2.3 Generalization Error and the Perceptron Order Parameter

The performance of a given weight vector \(\mathbf {w}\) in the student teacher model can be evaluated with respect to a test input \(\boldsymbol{\xi } \notin \mathbb {D}.\) If we assume that the test input follows the same statistics as the training examples, i.e.
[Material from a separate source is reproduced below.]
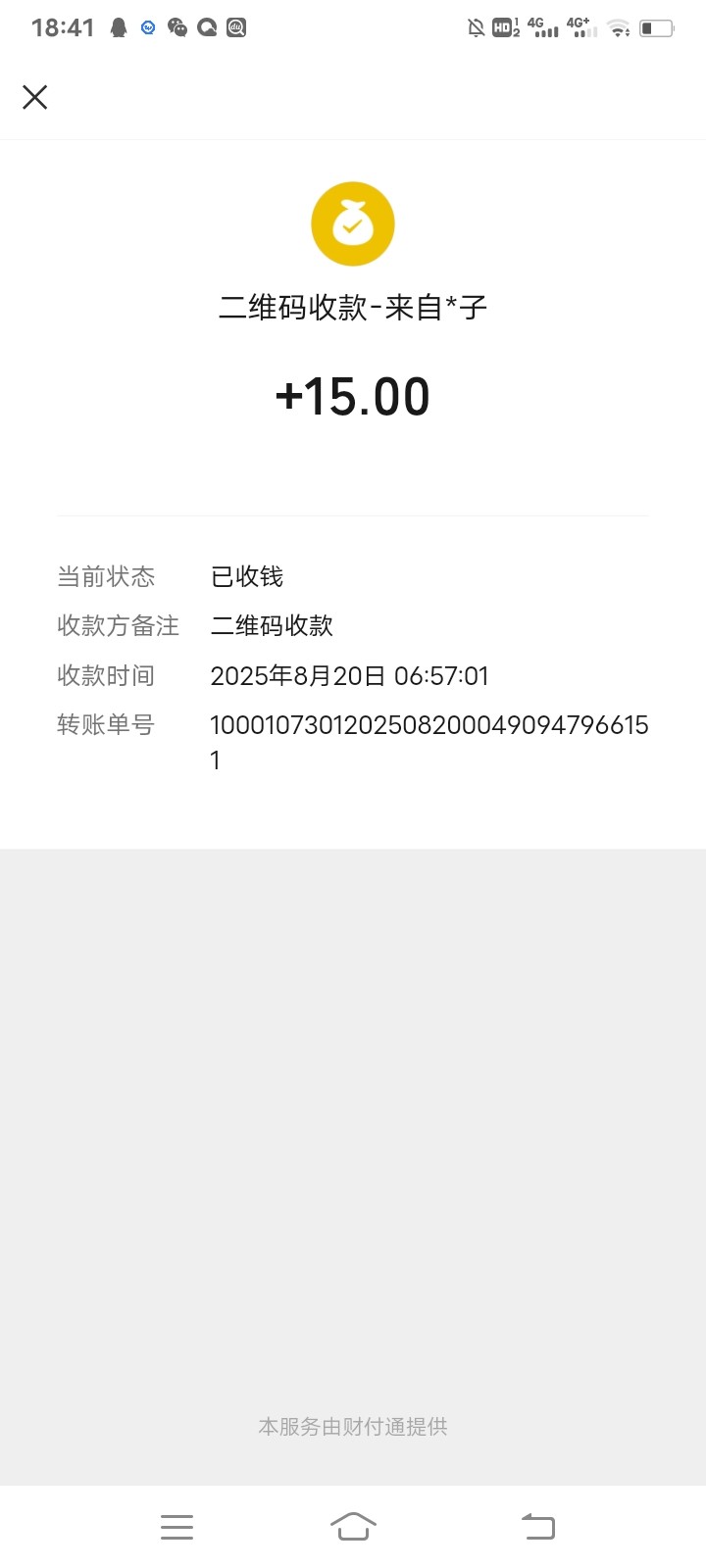 Screenshot_20250820_184112.jpg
$$\begin{aligned} \left\langle \xi _j\right\rangle \, =\, 0, \left\langle \xi _j \xi _k \right\rangle \, = \, \delta _{jk}, \end{aligned}$$
(5)

we can define the so-called generalization error as the expectation value

$$\begin{aligned} \epsilon _g (\mathbf {w},\mathbf {w^*}) = \left\langle \epsilon \left( S(\boldsymbol{\xi }, S^*(\boldsymbol{\xi })\right) \right\rangle \text{ where } \epsilon (S,S^*) = \left\{ \begin{array}{ll} 1 &{} \text{ if } S\ne S^* \\ 0 &{} \text{ else, } \\ \end{array} \right. \end{aligned}$$
(6)

serves as a binary error measure. Hence, the generalization error quantifies the probability for disagreement between student and teacher for a random input vector. It is instructive to work out \(\epsilon _g\) explicitly under the assumption of i.i.d. inputs. To this end, we consider the arguments of the threshold function in student and teacher perceptron:

$$ x= \mathbf {w}\cdot \boldsymbol{\xi }/\sqrt{N} \text{ and } x^* = \mathbf {w^*} \cdot \boldsymbol{\xi } / \sqrt{N}. $$

Assuming that the random input vector \(\boldsymbol{\xi }\) satisfies Eq. (5), x and \(x^*\) correspond to sums of N random quantities. By means of the Central Limit Theorem (CLT) there density is given by a two-dim. Gaussian, which is fully specified by first and second moments. These can be obtained immediately as

$$ \left\langle x \right\rangle = \left\langle x^* \right\rangle = 0, \left\langle x^2 \right\rangle = \frac{1}{N} \, \sum _{i,j} \, w_i \, w_j \, \left\langle \xi _i \xi _j \right\rangle \, = \ \frac{\mathbf {w}^2}{N} = 1, \left\langle (x^*)^2 \right\rangle = \frac{(\mathbf {w^*})^2}{N} = 1 $$
$$\begin{aligned} \text{ and } \left\langle x \, x^* \right\rangle = \frac{1}{N} \, \sum _{i,j}\, w_i \, w_j^* \, \left\langle \xi _i \xi _j \right\rangle \, = \ \frac{\mathbf {w}\cdot \mathbf {w^*}}{N} \equiv R, \end{aligned}$$
(7)

where we have exploited the normalization of weight vectors. The covariance \(\langle x x^* \rangle \) is given by the scalar product of student and teacher weights. The moments (7) fully specify the two-dimensional normal density \(P(x,x^*)\) and we obtain the generalization error as the probability of observing \(x x^* < 0\):

$$\begin{aligned} \epsilon _g (\mathbf {w},\mathbf {w^*}) \, = \, \left[ \int _{-\infty }^0 \int _{0}^{\infty } + \int _{0}^{\infty } \int _{-\infty }^0 \right] P(x,x^*) dx dx^* =\, \frac{1}{\pi } \, \arccos (R). \end{aligned}$$
(8)

This result can be obtained immediately by an intuitive argument: The probability for a random vector \(\boldsymbol{\xi }\) to fall into the hypersegments between the hyperplanes defined by \(\mathbf {w}\) and \(\mathbf {w^*}\) is directly given by \(\angle \left( \mathbf {w}, \mathbf {w}^* \right) / \pi \) which corresponds to the right hand side of Eq. (8).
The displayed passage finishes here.